Deskripsi di atas menunjukkan, bahwa pemilihan bahasa dalam masyarakat multilingual memiliki pola yang rumit dan tidak mudah dipetakan.  Akan tetapi, hakikatnya,  konvergensi dan divergensi bahasa tersebut dapat dipetakan dengan merujuk Fasold (1984:184), yakni ada tiga jenis pilihan dalam berbahasa: (1) memilih satu variasi bahasa yang sama (intra language variation), (2) alih kode (code switching), dan (3) campur kode (code mixing).  Sebelum itu, Giles dalam Setiawan (2001) mengidentifikasi tiga pola penggunaan bahasa: (1) penggunaan bahasa etnik minoritas; (2) bilingual dalam bahasa etnik dan bahasa dominan; (3) monolingual dalam dalam bahasa dominan. Sejalan dengan dua pemetaan itu, Koiri dan Fahri (1991) juga menemukan empat tipe perilaku berbahasa kaum migran Jawa di Surabaya: (i) adaptasi dan integrasi sosial dengan dialek Surabaya; (ii) divergensi berbahasa (linguistik atau psikologis) yang agak antipati terhadap dialek Surabaya; (iii) pencampuran dialek asal daerah dan dialek Surabaya; dan (iv) pemakaian bahasa Indonesia.
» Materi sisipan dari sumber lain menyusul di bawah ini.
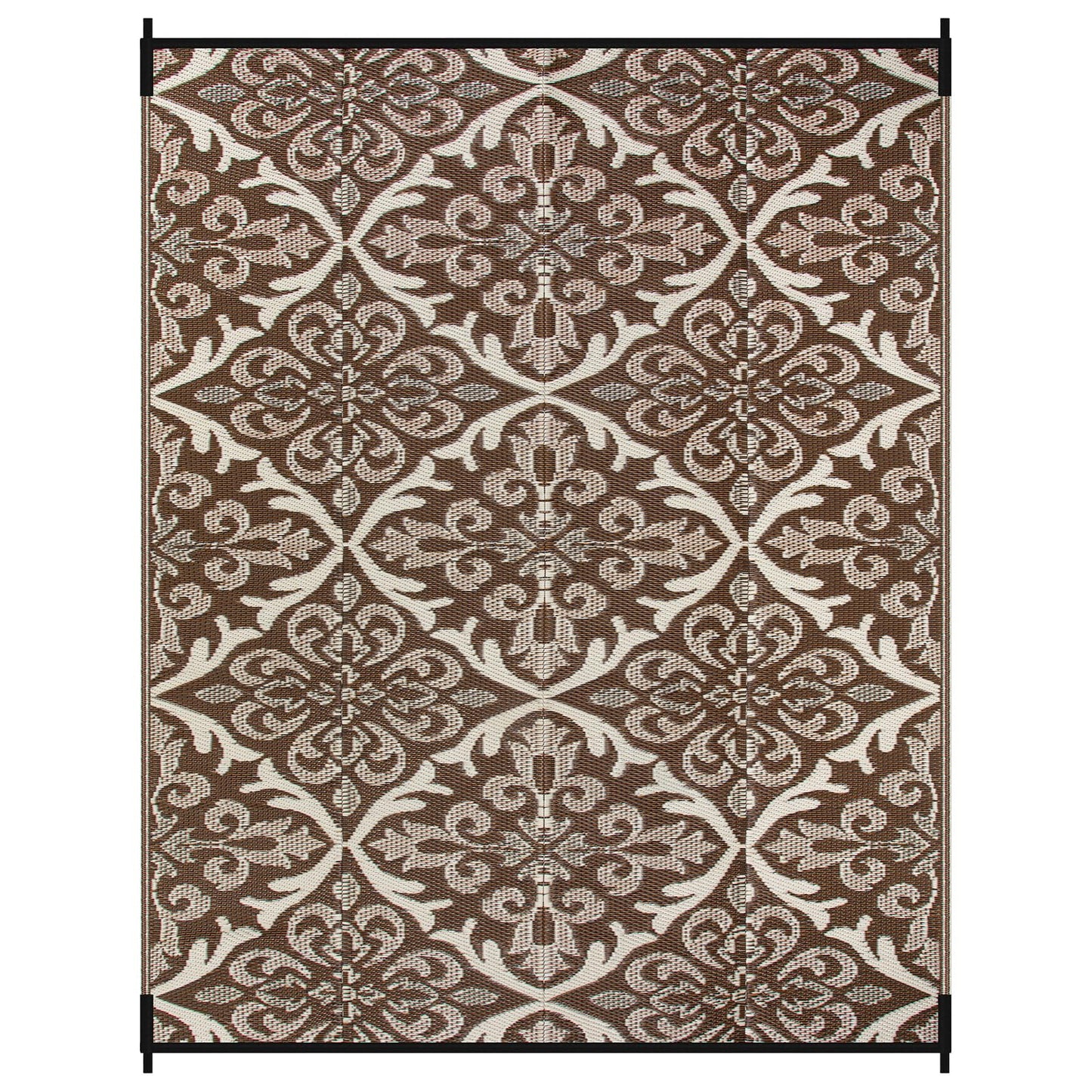 Lahome Outdoor Area Rugs 8x10 Patio Waterproof, Reversible Plastic Straw Rv Outdoor Rugs for Camping, Large Indoor Outdoor Carpet for Porch Deck Backyard Camper Picnic, Khaki 8'x10'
             Merujuk Giles (1979), Fasold (1984) dan Koiri dan Fahri (1991), dapatlah dikemukakan, bahwa seorang anggota masyarakat berkemungkinan menerapkan pemilihan bahasa berikut ini: (1) menggunakan bahasa daerah/pertamanya (divergen); (2) menggunakan bahasa daerah/pertamanya dan bahasa Indonesia (konvergen); dan (3) menggunakan bahasa Indonesia (konvergen).  Pola pemilihan bahasa semacam ini diprediksikan akan dapat ditemukan dalam penelitian.
           Dalam konteks semacam ini Teori Akomodasi Bahasa sangat penting dalam studi ini karena ia akan mampu mendeskripsikan situasi linguistik diantara penuturnya. Aneka bahasa-etnis dan etnisitas menuntun penuturnya untuk lebih menyadari akan ongkos dan hadiah dari pemilihan bahasa yang dilakukannya. Setiap pemilihan bahasa yang diambil akan membawa konsekwensi tertentu bagi penutur bersangkutan.
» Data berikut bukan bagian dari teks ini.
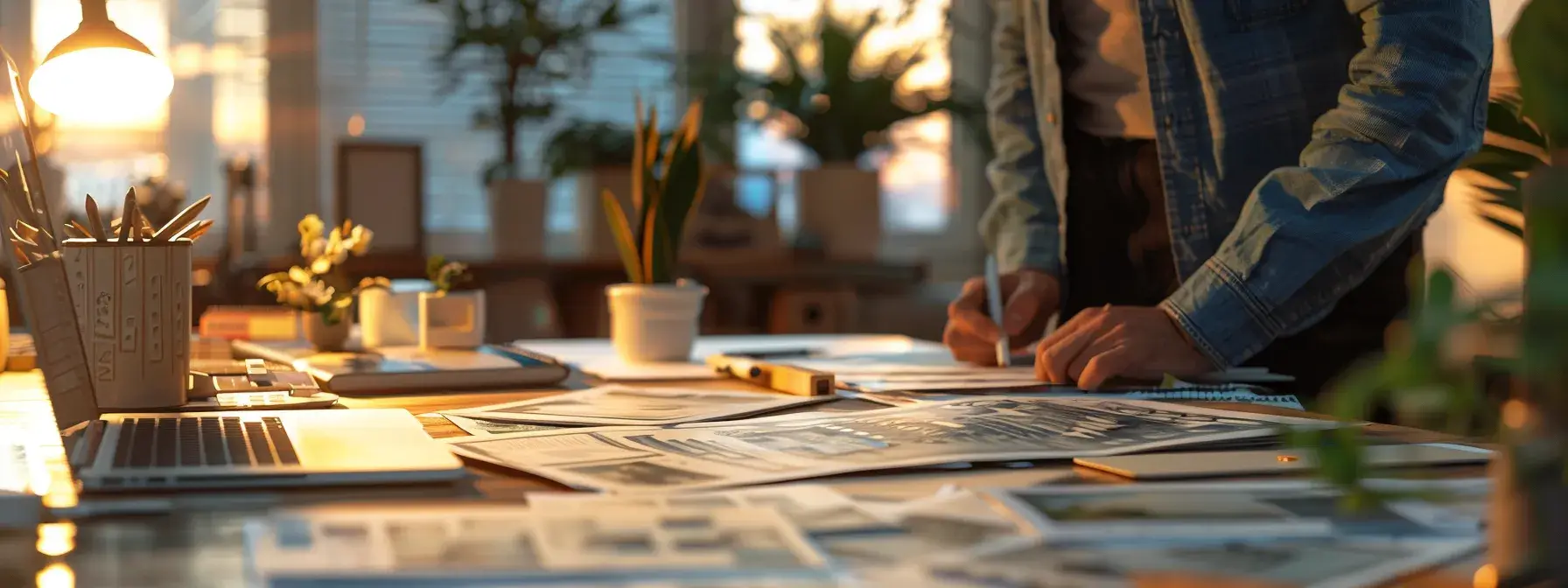 a person carefully analyzing a diverse real estate portfolio, with residential and commercial properties spread out on a desk. a person carefully analyzing a diverse real estate portfolio, with residential and commercial properties spread out on a desk.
           Masalahnya, apakah yang lazim mendorong orang memilih bahasa tertentu daripada bahasa lain dalam situasi tertentu? Dalam masyarakat bilingual (dwibahasa) atau multilingual (multibahasa), pemilihan bahasa dideterminasi oleh dua faktor utama: ‘intra-linguistik’ dan ‘ekstra-linguistik’ (Weinreich 1953:3; Setiawan 2001).  Intralinguistik mengacu ke profisiensi atau penguasaan penutur terhadap bahasa (sasaran) yang dimaksud.  Esktralinguistik berkaitan dengan kode-kode estetik atau etika perilaku (Smith 1973:105). Implikasinya, ketika seseorang memilih suatu bahasa daripada bahasa yang lain dalam situasi komunikasi tertentu, hal ini menunjukkan bahwa dia telah menguasai pengetahuan tentang ketepatan menggunakan bahasa-bahasa tersebut (Suharsono 1995:13). Performasi komunikatif  yang ditunjukkannya , yakni pemilihan bahasa, merupakan perwujudan atau manifestasi dari kompetensi komunikatifnya. Penutur bilingual sadar akan konsekwensi yang harus ditanggungnya kalau dia menggunakan satu bahasa daripada bahasa lain.
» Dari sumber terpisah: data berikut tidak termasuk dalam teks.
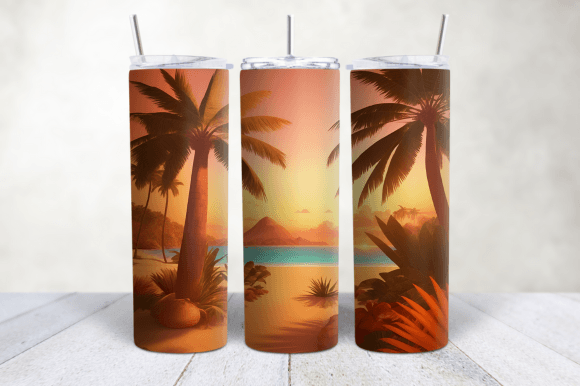3D Palm Trees Beach Landscape Tumbler: Elevating Sublimation Projects with Tropical Depth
           Dalam kerangka pandang demikian, kompetensi komunikatif dapat dikategorikan sebagai faktor intralinguistik. Adapun sikap bahasa kiranya dapat dikategorikan sebagai faktor ekstralinguistik.

Temuan Penelitian
           Dalam paparan berikut ini dikemukakan temuan penelitian penulis yang dilaksanakan dengan metode survei di dalam masyarakat Jawa di Perumnas Kota Baru Driyorejo Gresik (Khoiri, 2005). Akan tetapi, yang dikemukakan di sini terutama hanya ringkasan diskusi yang berkaitan dengan hubungan antara sikap bahasa dan pemilihan bahasa, serta antara kompetensi komunikatif dan pemilihan bahasa.
A.   Sikap Bahasa dan Pemilihan Bahasa
            Sikap bahasa memberikan kecenderungan seseorang untuk menunjukkan perilaku tertentu dalam berbahasa. Orang yang memiliki sikap bahasa positif terhadap bahasa Jawa, misalnya, mungkin akan mempelajarinya saja, menggunakannya saja, atau mempelajari sekaligus menggunakannya. Sedangkan orang yang memiliki sikap bahasa negatif, mungkin dia tidak berminat menggunakannya meskipun dia terpaksa mempelajarinya.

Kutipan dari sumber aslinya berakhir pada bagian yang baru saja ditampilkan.